冷徹御曹司は初心な令嬢を政略結婚に堕とす
「な、なんですか、もうっ」

内心頭を抱えたい状況の中で慌てて言い返すと、「無防備すぎる令嬢を躾けてる。いや、お仕置きか?」なんて、悪びれもなく彼は言い放った。

「男は狼だと知らないままだと、どこかで他人に攫われるかもしれないだろう? そうなってからじゃ、躾ようにも遅いからな。 ――君は、俺の妻なのに」

君が他の男に奪われでもしたら、とてもじゃないが堪えられそうにないんだ。
唐突に甘さを含んだ低い声音で耳元で囁かれ、驚きで体がぴくりと跳ねる。

「このまま、抱かれると思ったか?」

「へ?」

衝撃的な単語に、思わず絶句する。

「心外だな。
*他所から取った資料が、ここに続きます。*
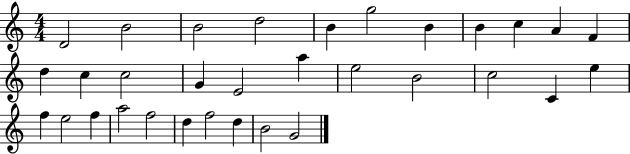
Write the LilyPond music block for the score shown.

{
  \clef treble
  \numericTimeSignature
  \time 4/4
  \key c \major
  d'2 b'2 | b'2 d''2 | b'4 g''2 b'4 | b'4 c''4 a'4 f'4 | \break d''4 c''4 c''2 | g'4 e'2 a''4 | e''2 b'2 | c''2 c'4 e''4 | \break f''4 e''2 f''4 | a''2 f''2 | d''4 f''2 d''4 | b'2 g'2 | \break \bar "|."
}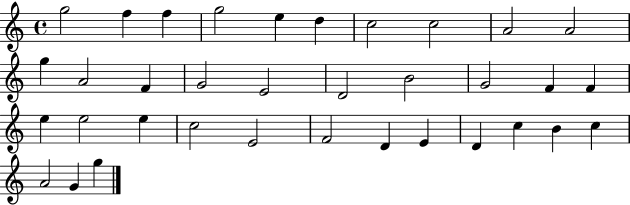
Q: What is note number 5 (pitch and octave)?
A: E5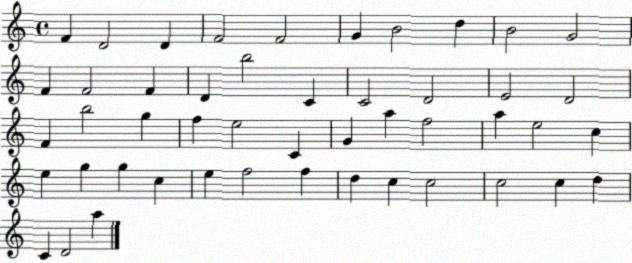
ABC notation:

X:1
T:Untitled
M:4/4
L:1/4
K:C
F D2 D F2 F2 G B2 d B2 G2 F F2 F D b2 C C2 D2 E2 D2 F b2 g f e2 C G a f2 a e2 c e g g c e f2 f d c c2 c2 c d C D2 a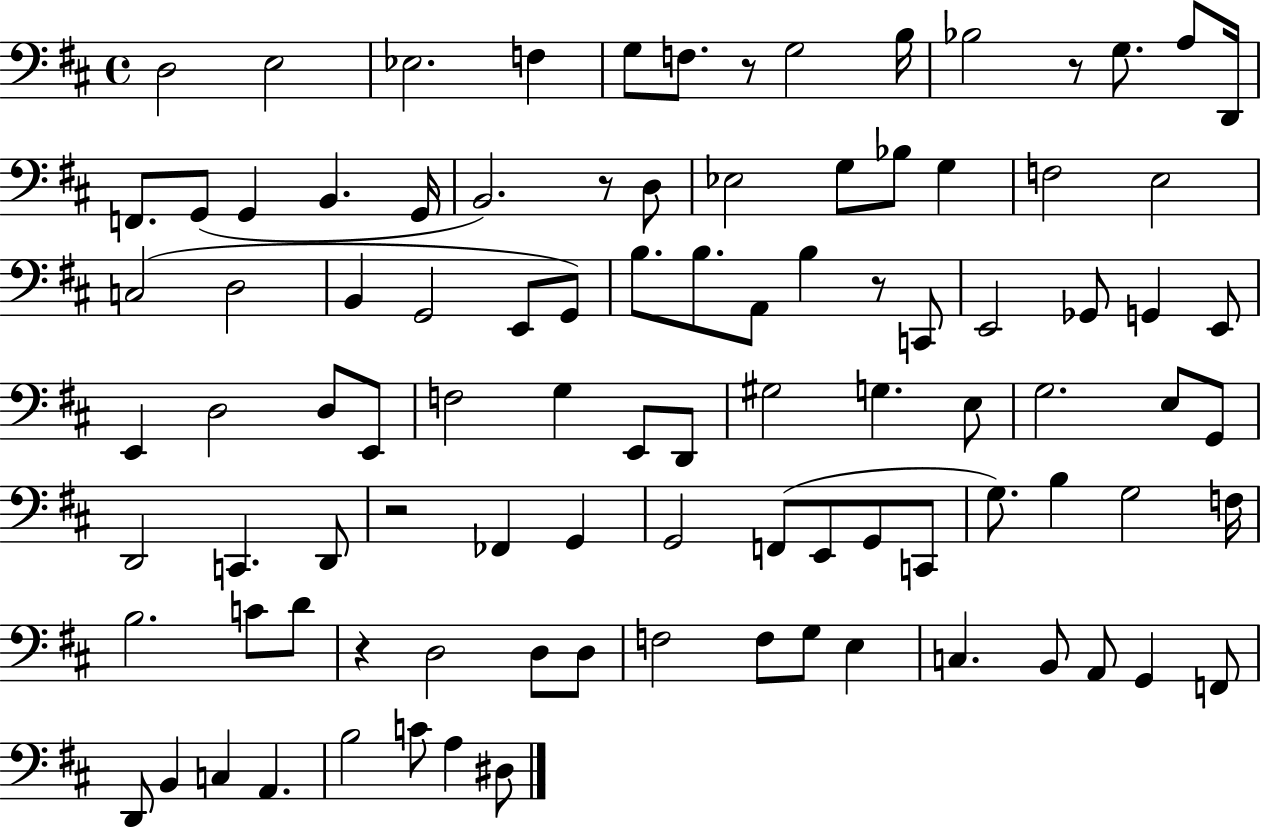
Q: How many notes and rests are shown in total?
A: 97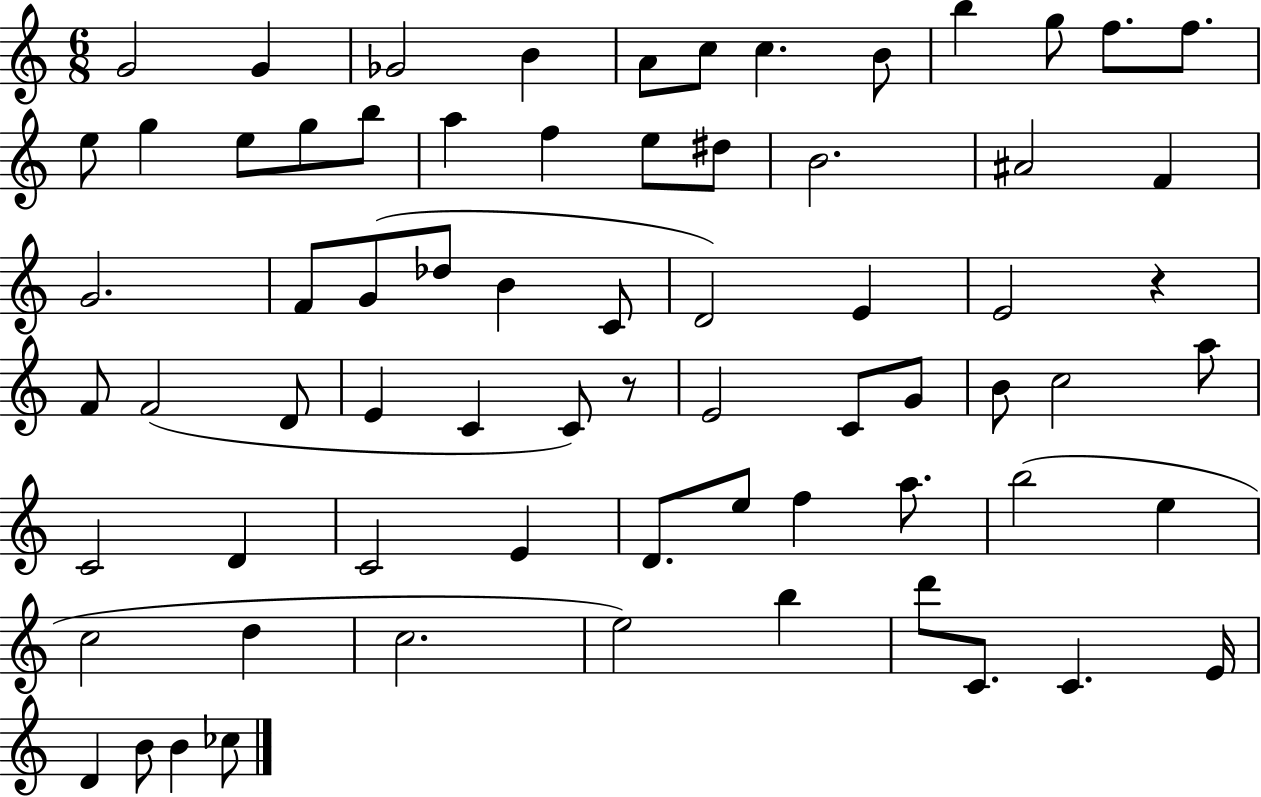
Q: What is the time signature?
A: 6/8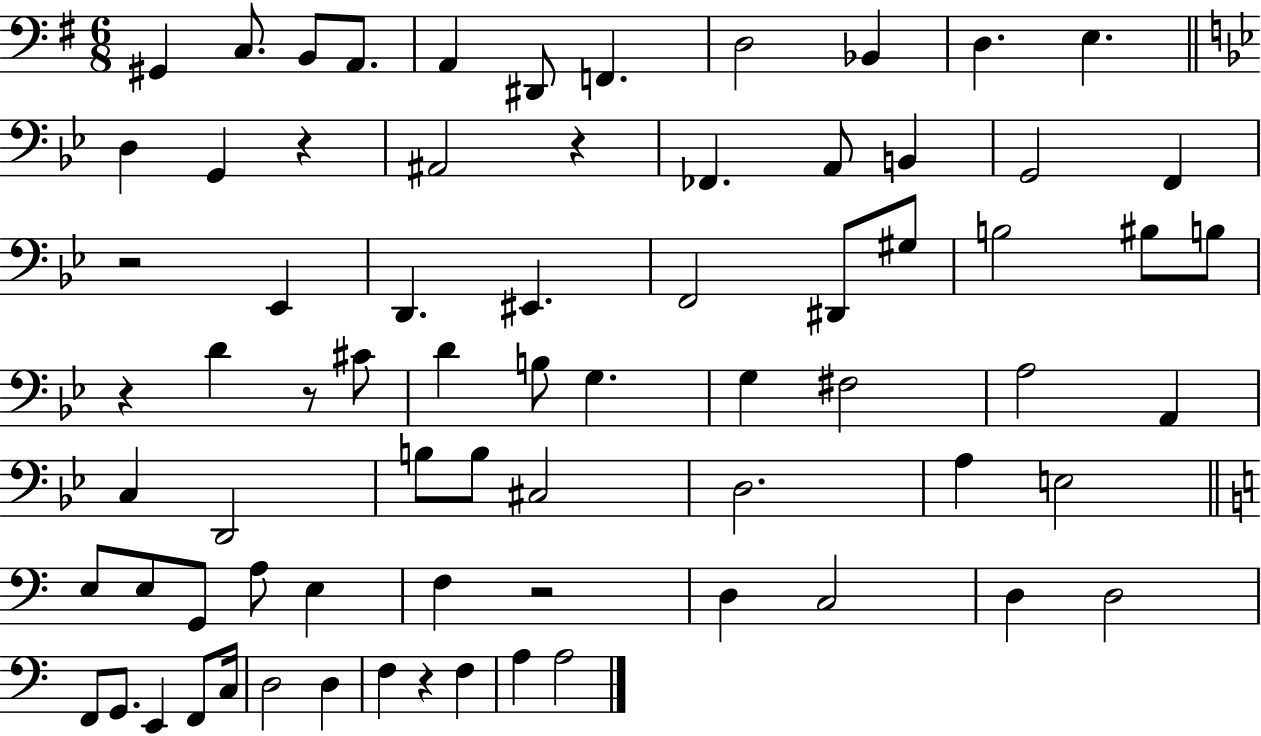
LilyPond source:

{
  \clef bass
  \numericTimeSignature
  \time 6/8
  \key g \major
  gis,4 c8. b,8 a,8. | a,4 dis,8 f,4. | d2 bes,4 | d4. e4. | \break \bar "||" \break \key bes \major d4 g,4 r4 | ais,2 r4 | fes,4. a,8 b,4 | g,2 f,4 | \break r2 ees,4 | d,4. eis,4. | f,2 dis,8 gis8 | b2 bis8 b8 | \break r4 d'4 r8 cis'8 | d'4 b8 g4. | g4 fis2 | a2 a,4 | \break c4 d,2 | b8 b8 cis2 | d2. | a4 e2 | \break \bar "||" \break \key c \major e8 e8 g,8 a8 e4 | f4 r2 | d4 c2 | d4 d2 | \break f,8 g,8. e,4 f,8 c16 | d2 d4 | f4 r4 f4 | a4 a2 | \break \bar "|."
}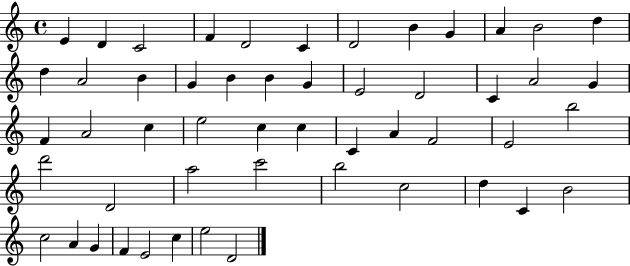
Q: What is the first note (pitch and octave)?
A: E4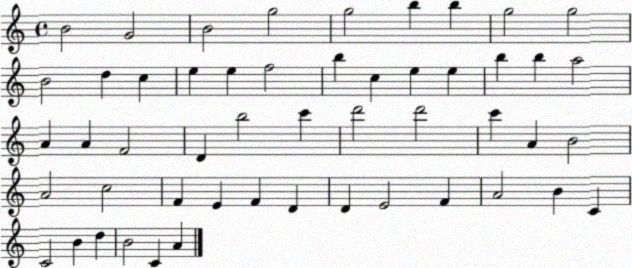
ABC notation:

X:1
T:Untitled
M:4/4
L:1/4
K:C
B2 G2 B2 g2 g2 b b g2 g2 B2 d c e e f2 b c e e b b a2 A A F2 D b2 c' d'2 d'2 c' A B2 A2 c2 F E F D D E2 F A2 B C C2 B d B2 C A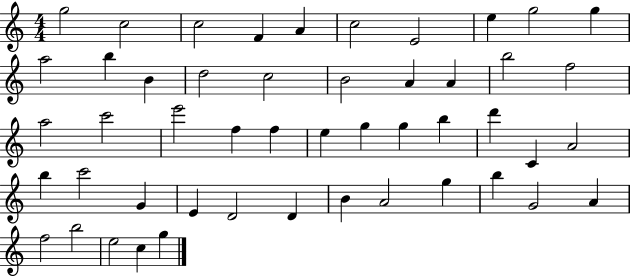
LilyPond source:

{
  \clef treble
  \numericTimeSignature
  \time 4/4
  \key c \major
  g''2 c''2 | c''2 f'4 a'4 | c''2 e'2 | e''4 g''2 g''4 | \break a''2 b''4 b'4 | d''2 c''2 | b'2 a'4 a'4 | b''2 f''2 | \break a''2 c'''2 | e'''2 f''4 f''4 | e''4 g''4 g''4 b''4 | d'''4 c'4 a'2 | \break b''4 c'''2 g'4 | e'4 d'2 d'4 | b'4 a'2 g''4 | b''4 g'2 a'4 | \break f''2 b''2 | e''2 c''4 g''4 | \bar "|."
}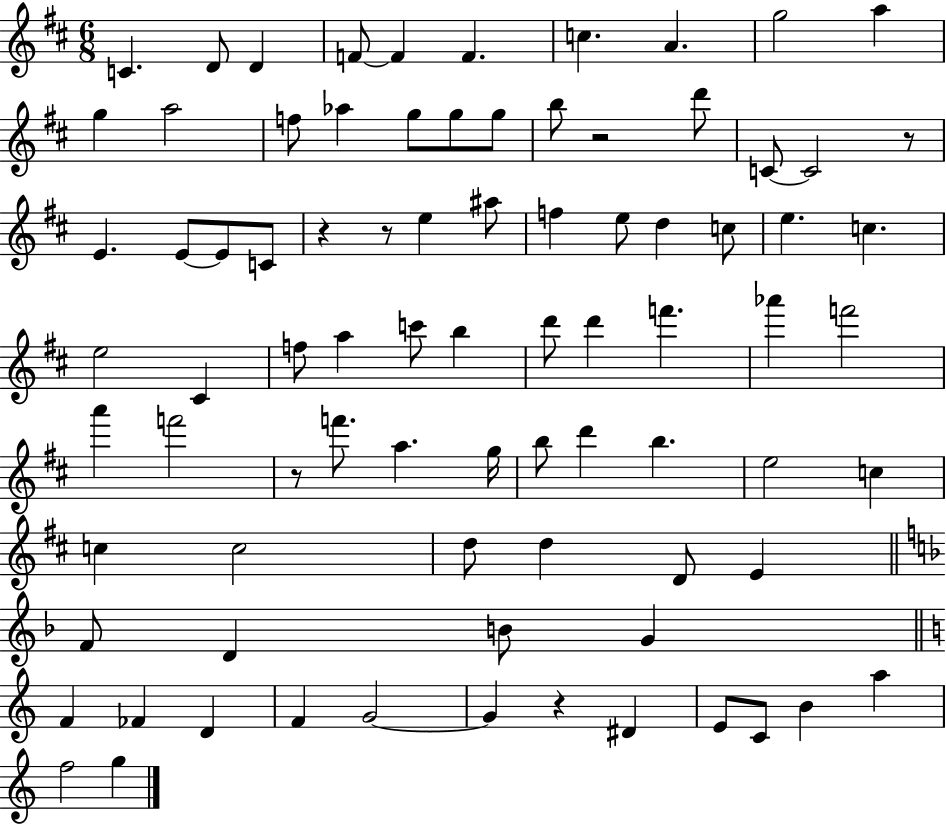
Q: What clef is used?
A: treble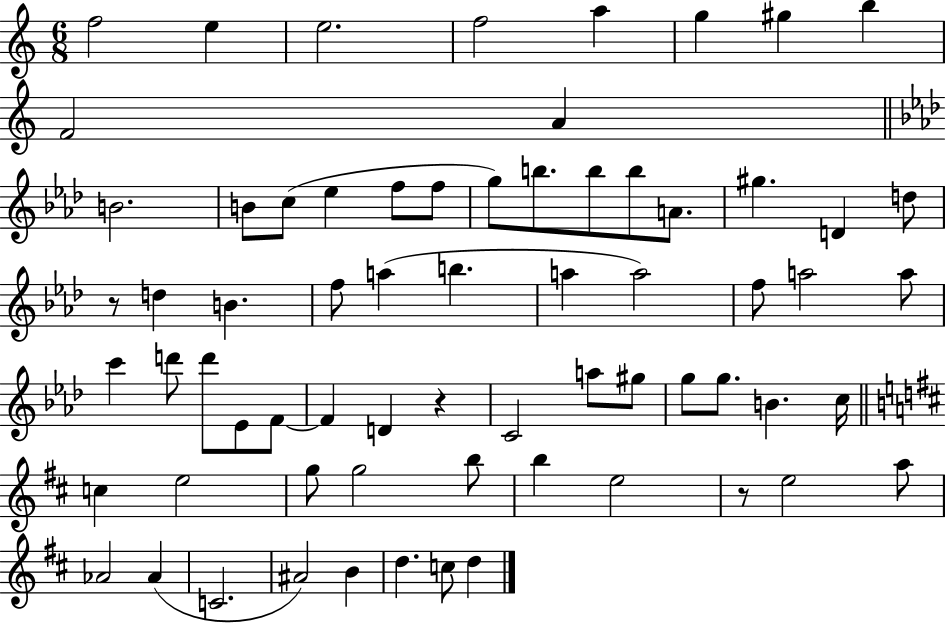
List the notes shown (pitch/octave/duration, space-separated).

F5/h E5/q E5/h. F5/h A5/q G5/q G#5/q B5/q F4/h A4/q B4/h. B4/e C5/e Eb5/q F5/e F5/e G5/e B5/e. B5/e B5/e A4/e. G#5/q. D4/q D5/e R/e D5/q B4/q. F5/e A5/q B5/q. A5/q A5/h F5/e A5/h A5/e C6/q D6/e D6/e Eb4/e F4/e F4/q D4/q R/q C4/h A5/e G#5/e G5/e G5/e. B4/q. C5/s C5/q E5/h G5/e G5/h B5/e B5/q E5/h R/e E5/h A5/e Ab4/h Ab4/q C4/h. A#4/h B4/q D5/q. C5/e D5/q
俺は体調不良な君を抱くほど狼じゃない。まあ、君が今すぐにでも抱かれたいと言うのなら話は別だが」

『抱く』って、いわゆる、その、か、かか、体を重ねるって意味だよね?
じゃあ、さっきから宗鷹さんが言っている、私が『誘う』って……ええええっ!?

「そんなの一生、絶対ありえませんっ」

そう告げると、彼はわずかに目を見張る。
そして、長い睫毛に覆われた二重瞼を一瞬だけ切な気に細めたあと、何かを堪えるかのような色をわずかに浮かべて、「それもそうだな」と呟いた。